There are, to be sure, various Orwellian factions: Christopher Hitchens,who published a book on Orwell's writings, claims to be an ideological descendant of Orwell and Trotsky (and we here at Contingencies believe that he is, mostly--tho' HitchensSpeak generally a bit more posh than the somewhat wooden--but effective-- prose of G.O.)--on the other hand, mystery man Thomas Pynchon, who recently penned a pretty dread introduction to 1984, also reveals some Orwellian aspects on occasion (see Vineland for starters, an entertaining if mad, labyrinthine, and gloomy tale (TP hisself might have done well to attend Conrad 101); Contingencies grants that Pynchonology may situate itself nearer to Trotskyism than Hitchens' writings doth-- or Orwell's, for that matter--read the phreak and find out, fan-boy). Those who have perused a few of Hitchens' diatribes soon realize, however, that his real master is not Leonovitch T., or even Eric Blair (sort of the stoner's Conrad), but none other than David Hume.

2 comments:

Anonymous said...

It appears that someone from "New Worlds" (Brave New Worlds, perhaps) has linked to your post on Orwell and pacifism, Mr. Contingencies. Someone also appears to have missed the point.
Orwell does not suggest that pacifism is always mistaken, but that in some cases, say WWII--and the essay on nationalism was written either during or right after that donnybrook---it could be a great error, and often a help to the “enemy” (intentionally or not). Those Brits who lived through the Battle of Britain, the bombings, V2s, etc. had none of the sort of naive compassion common to today’s “left”: when the Stukas came streaking across the sky, most rational British humans were not exactly thinking "forgive thine enemy".

(That said, there are reasons to oppose Bush’s handling of Iraq, but it’s not a “GOP war”—the majority of dems signed off on it as well, a fact which most of the peaceniks routinely forget. Supporting the war effort to some degree, and the battle against muslim fanatics–does not imply approving Bush or the GOP across the board. Most of the Kossack sort of hysterics simply can't realize those sorts of subtleties--it's either your on the bus (with perhaps Karl Marx the BusDriver), or not.)

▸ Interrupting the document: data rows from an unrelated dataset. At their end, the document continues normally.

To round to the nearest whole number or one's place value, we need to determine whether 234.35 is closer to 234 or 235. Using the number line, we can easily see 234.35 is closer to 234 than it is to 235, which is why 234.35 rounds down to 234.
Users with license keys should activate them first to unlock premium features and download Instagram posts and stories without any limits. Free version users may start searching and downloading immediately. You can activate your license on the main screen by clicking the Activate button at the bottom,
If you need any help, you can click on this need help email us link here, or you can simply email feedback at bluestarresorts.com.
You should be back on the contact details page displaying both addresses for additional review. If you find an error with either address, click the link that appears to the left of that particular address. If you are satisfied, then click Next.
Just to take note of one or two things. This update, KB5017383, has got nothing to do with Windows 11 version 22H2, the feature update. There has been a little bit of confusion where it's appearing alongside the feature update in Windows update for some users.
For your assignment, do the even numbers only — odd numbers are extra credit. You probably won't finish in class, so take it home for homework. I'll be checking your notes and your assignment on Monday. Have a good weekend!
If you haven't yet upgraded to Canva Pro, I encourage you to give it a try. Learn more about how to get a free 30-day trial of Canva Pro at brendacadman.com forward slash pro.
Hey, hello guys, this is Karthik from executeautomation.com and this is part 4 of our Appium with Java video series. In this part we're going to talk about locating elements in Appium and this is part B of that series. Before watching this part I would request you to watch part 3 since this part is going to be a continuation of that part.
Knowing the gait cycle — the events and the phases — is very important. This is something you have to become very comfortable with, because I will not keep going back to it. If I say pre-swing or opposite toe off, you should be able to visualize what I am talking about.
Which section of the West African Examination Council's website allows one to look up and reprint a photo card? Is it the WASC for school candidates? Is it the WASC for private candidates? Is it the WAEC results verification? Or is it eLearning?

Another amusing thing about the New Worlder's rant– and typical— was that his blog was not mentioned or linked to in the Orwell essay, and no references were made to anyone on New Worlds. So he presumes you were referring to him, but that’s not really evident. Additionally, with the rather Orwellian (in bad sense–i.e. Big Brother, from “1984,” right? sort of good Orwell text to start with) moderation/information control policies in effect, even if someone wanted to respond to his narcissism du jour, he can't (note how the New Worlder's post did not concern pacifism as it relates to war, but about whether someone's coming to take away his "sacred prop-ur-tay raghts").

J said...

Yes, I noted the "sparked his interest" bullcrap, typical of the NW frauds. This essay was actually written about 4-5 months ago, and had nothing to do with his post. Some of us read and understood "Shooting an Elephant", "1984," "Animal Farm," and other Orwell chestnuts say in high school. I do think Orwell's a fairly important writer, but not the political visionary that some moralist-liberals make him out to be. In fact Mr. Blair seems to function as a sort of romantic hero for the naive leftist, not so different than like Hemingway did a few decades ago. It might be remembered that Blair was an MP in Burma as well, and in many ways his writing seems like cop writing--sort of a British Joe Friday (Dash Hammett spun circles around about any Brit realist you care to name really, in terms of pulp).